ABOUT THIS EXERCISE:
Pictures excluded, output exactly the lines from the one containing "The Happy Rainbow" through the last line of the listing below.

DATASET:
══════

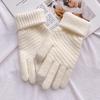 Winter Knit Gloves Plus Thick Fleece Lined Warm Cycling Gloves For Outdoor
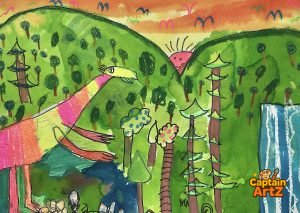 The Happy Rainbow Dinosaur & The Hidden Waterfall – Kids Art by Captain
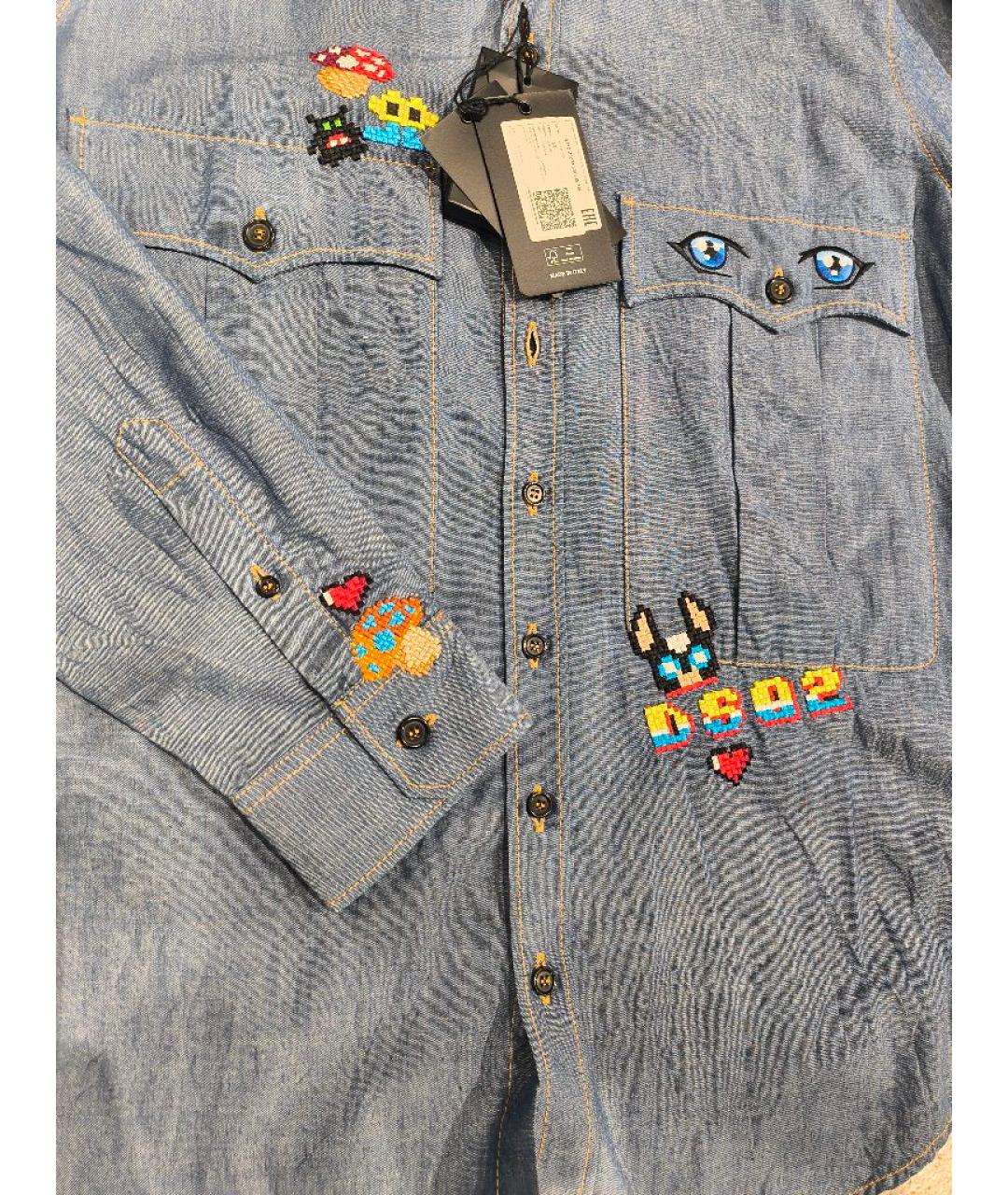 DSQUARED2 Голубая хлопковая кэжуал рубашка, фото 4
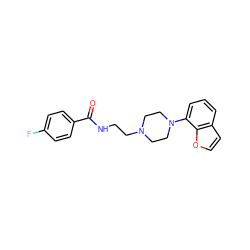 O=C(NCCN1CCN(c2cccc3ccoc23)CC1)c1ccc(F)cc1 ZINC000012356235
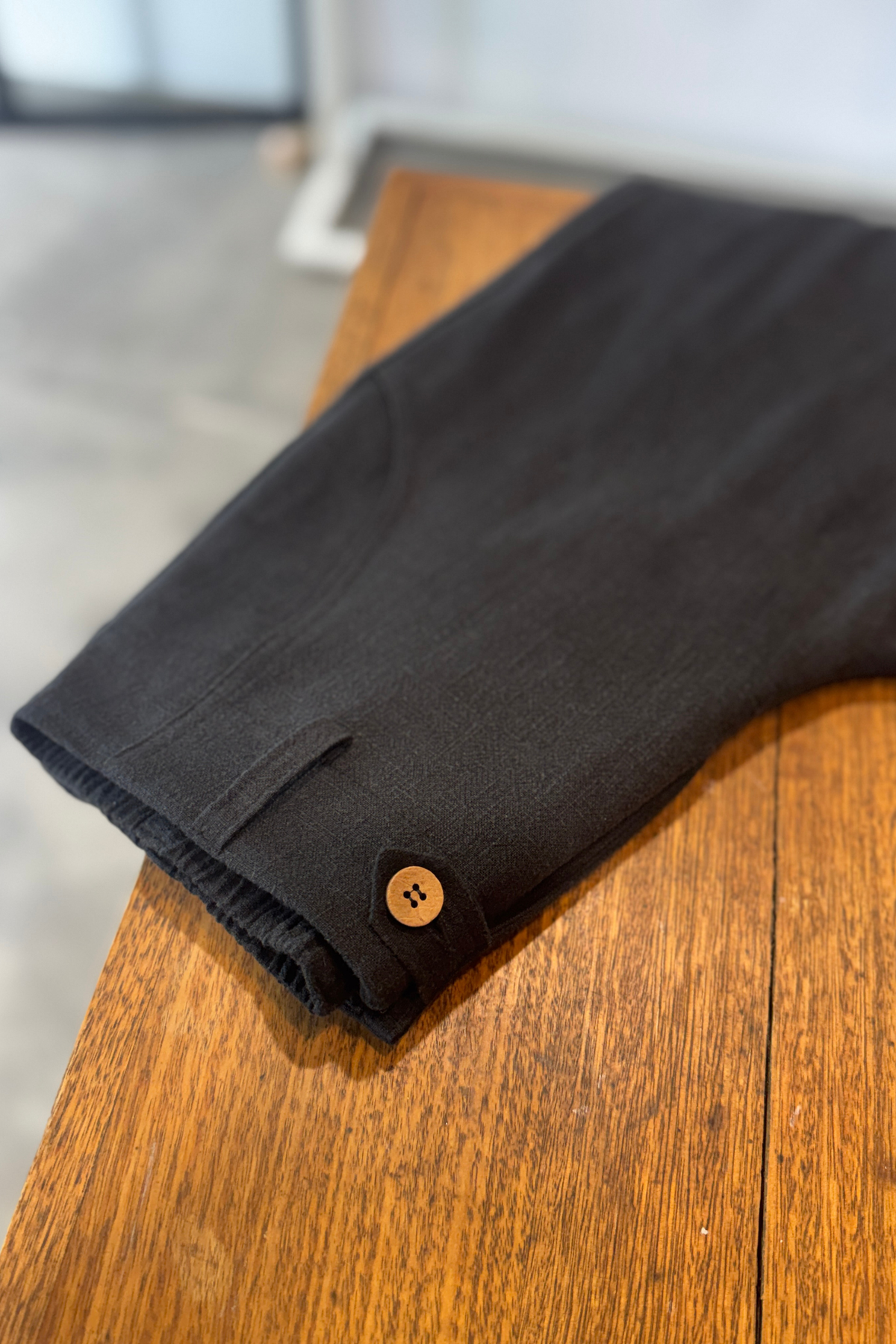 Linen Barrel Leg Pant | Black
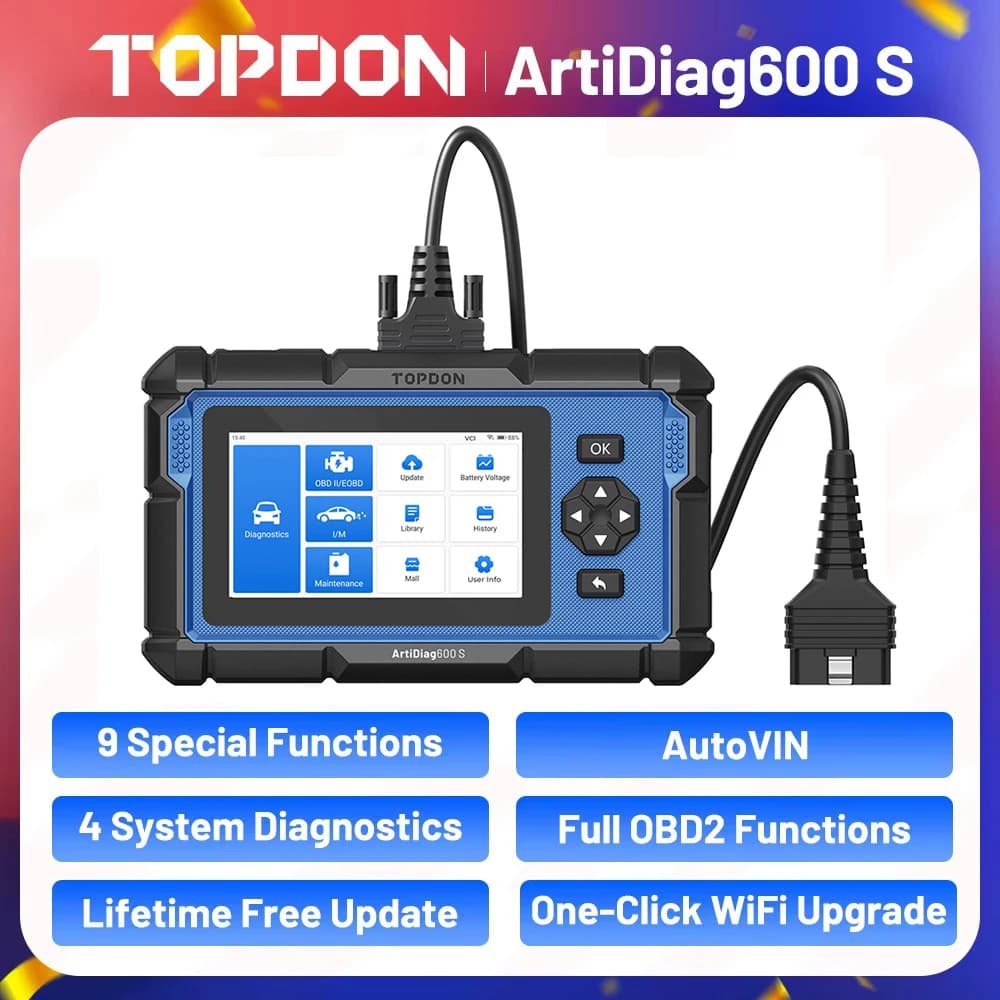 Escáner de Diagnóstico OBD2 TOPDON ArtiDiag600S, Lector de Códigos, Prueba de Motor, Aceite/BMS/ABS/SAS/EPB/DPF/TPMS/Acelerador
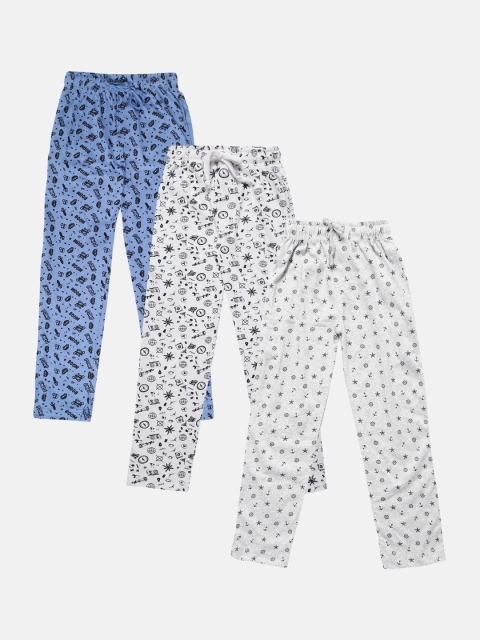 

Urban Dog Boys Pack Of 3 White & Blue Printed Pyjamas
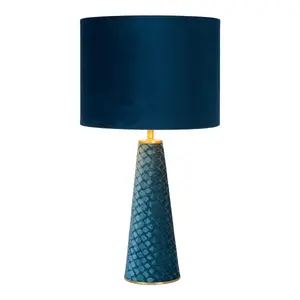 Lucide Extravaganza Velvet Retro Table Lamp 25cm - 1xE27 - Turquoise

══════

ANSWER TO THIS EXERCISE:
 The Happy Rainbow Dinosaur & The Hidden Waterfall – Kids Art by Captain
 DSQUARED2 Голубая хлопковая кэжуал рубашка, фото 4
 O=C(NCCN1CCN(c2cccc3ccoc23)CC1)c1ccc(F)cc1 ZINC000012356235
 Linen Barrel Leg Pant | Black
 Escáner de Diagnóstico OBD2 TOPDON ArtiDiag600S, Lector de Códigos, Prueba de Motor, Aceite/BMS/ABS/SAS/EPB/DPF/TPMS/Acelerador

Urban Dog Boys Pack Of 3 White & Blue Printed Pyjamas
 Lucide Extravaganza Velvet Retro Table Lamp 25cm - 1xE27 - Turquoise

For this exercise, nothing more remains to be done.